Wow, those are some very fundamental questions. My suggestion is to pick up one of the following books:
JBoss at Work: http://www.jbossatwork.com/
JBoss - http://www.oreilly.com/catalog/jbossadn/
Both books describe how to go about developing applications for use within JBoss. You might also want to pick up a book on JSPs/Servlets. Some free ones are online (though they are somewhat dated). http://pdf.moreservlets.com/
And possibly also a book on EJB3 development, there are quite a few available now, here is one: http://www.oreilly.com/catalog/entjbeans5/
To answer your specific questions:
1) A web server has a JSP/Servlet container and implements only parts of the Java EE spec, while an application server has an EJB container and implements the full Java EE spec.
2) See the books I recommended.
3) Yes, see the books.
Thank you for the reply
Since you yourself mentioned that these are basic questions , why cant u just post a small answer
I indeed can look into books for which takes time , only for that reason people post in forums to get quick answers and indeed i program in C++ and only for a small task i need these answers
If you know the answer please do answer
I never said "basic", I said "fundamental". The difference is that a basic or simple question can be answered in a sentence/paragraph or two, whereas a fundamental question requires several pages of text.
Consider question 3. The simple answer is "yes." The more complicated answer is for me to enumerate the various ways that this can be accomplished, giving examples of each way.

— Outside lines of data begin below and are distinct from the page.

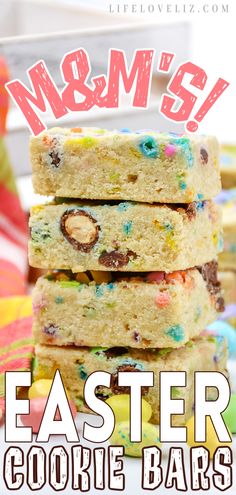 easter cookie bars stacked on top of each other with the words m & m's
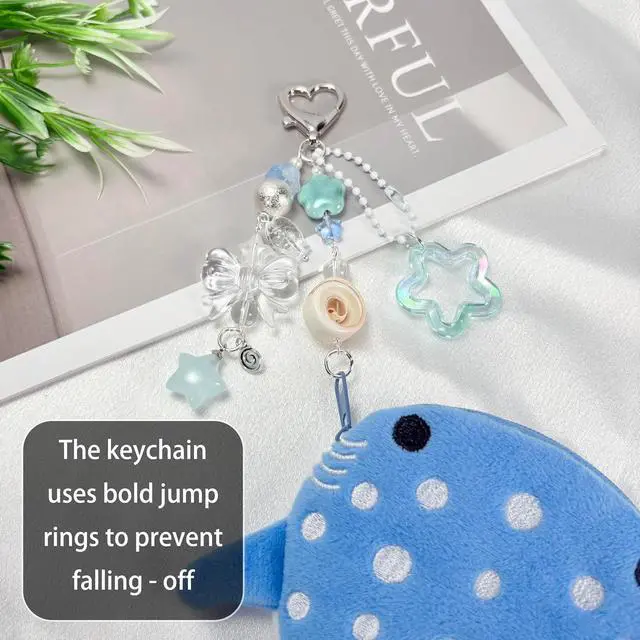 Alt view image 4 of 7 - Whale Shark Coin Purse Keychain,Cute Blue Plush Change Pouches Bag Charm | Kawaii Handmade Wallet with Zipper,Heart Star Butterfly Key Chain for Women Backpack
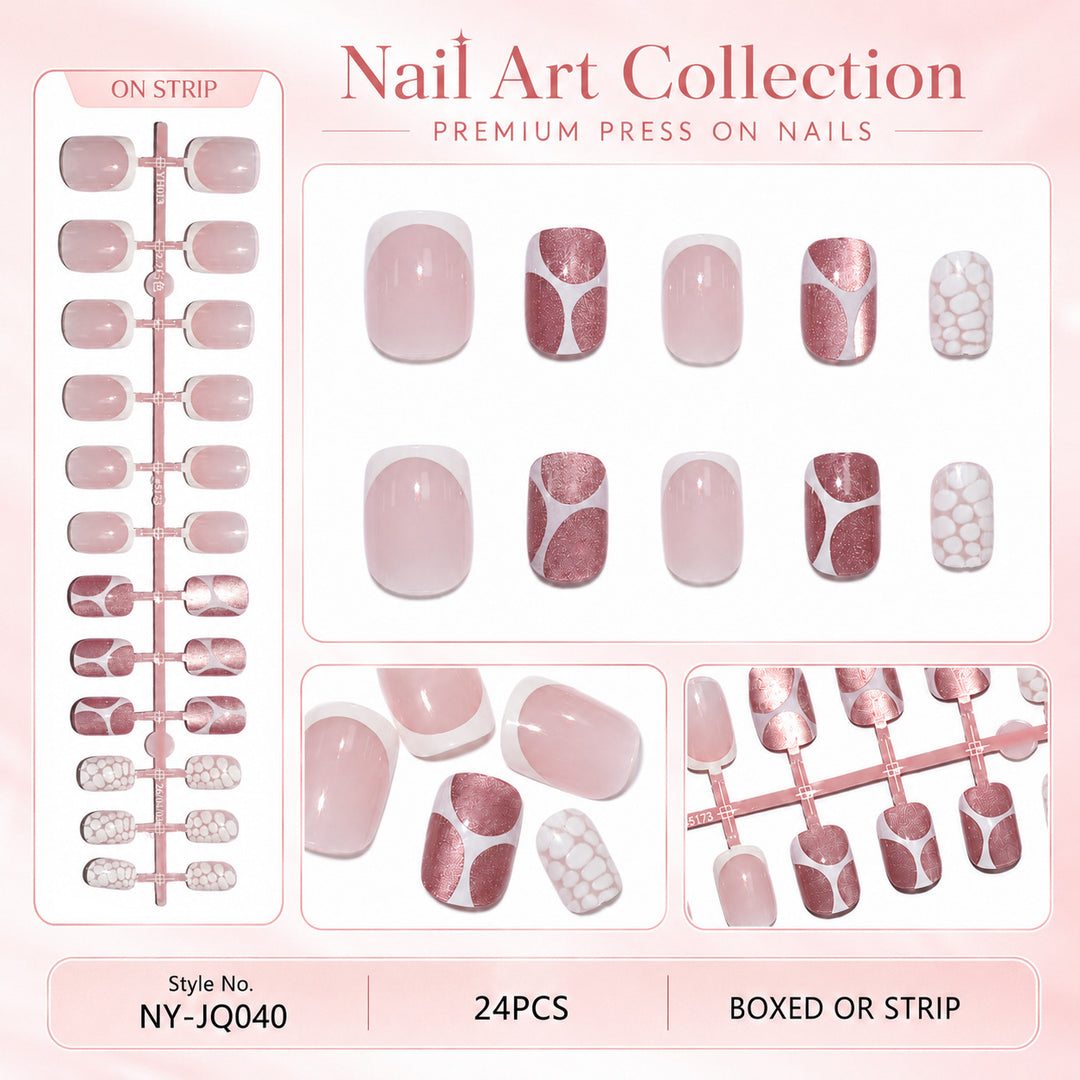 Premium Press-On Nails with Metallic Shine Bowlift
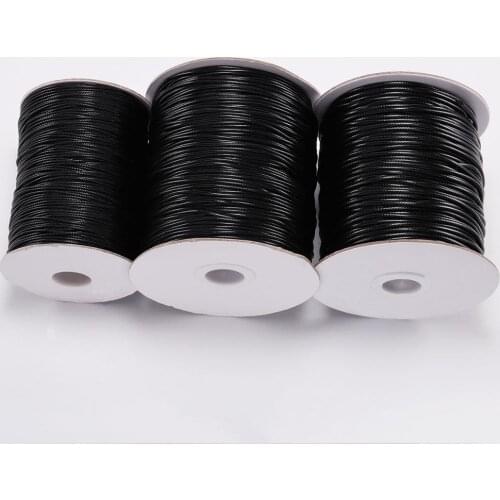 10M/lot 0.5 0.8 1.0 1.5mm Black Waxed Cotton Cord Thread Cord String Fit Beading Craft DIY Necklace For Jewelry Making Supplies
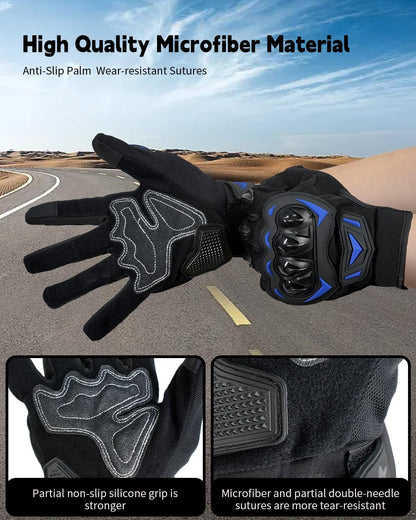 Motorcycle Gloves,Touchscreen Motorbike Gloves with Hard Knuckle Tactical Gloves Riding Gloves Anti-Slip Airsoft Gloves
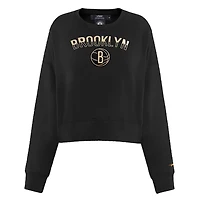 Pro Standard Brooklyn Nets Glam Cropped Pullover Sweatshirt
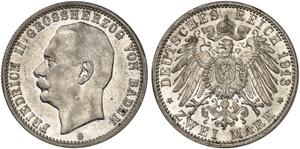 Deutschland 2 Mark 1913 G "Baden" auf der Auktion Grün - 14. Mai 2025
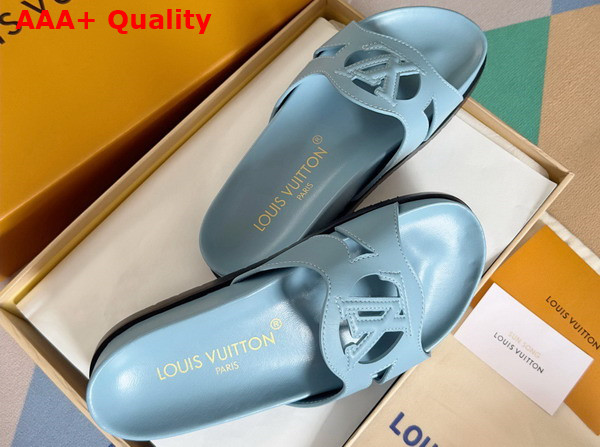 LV Isola Flat Comfort Mule in Light Blue Calf Leather 1ACPD9 Replica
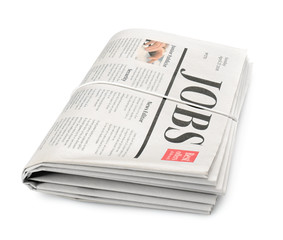 Folded newspapers on white background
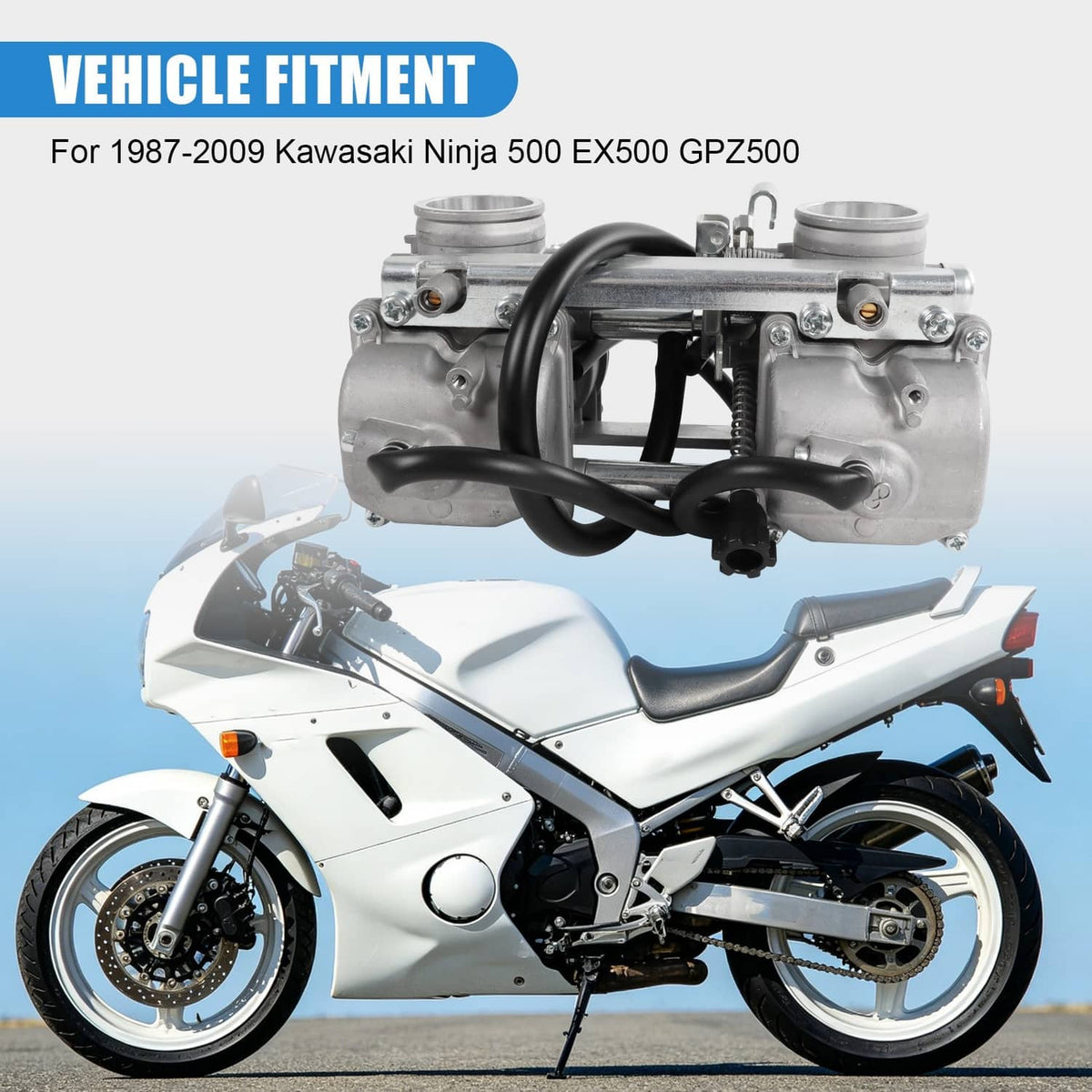 Solidspare Carburetor For Kawasaki Ninja 500 EX500 GPZ500 1987-2009 15001-1334 15002-1492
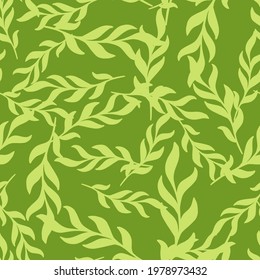 Herbal seamless pattern with leaves twig random silhouettes. Green palette botanic backdrop. Graphic design for wrapping paper and fabric textures. Vector Illustration.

I have written such text. It was over 60 pages long. But let my try an intermediate answer from which we can start a dialog:
Whether you write a web application using JSPs/servlets, or write a rich client, you can access EJBs in the app server using JNDI to look them up. This code would all be in Java. Alternately, you could deploy Web services to the app server and look them up using the WSDL. In this case the client can be written in Java/, C#, etc.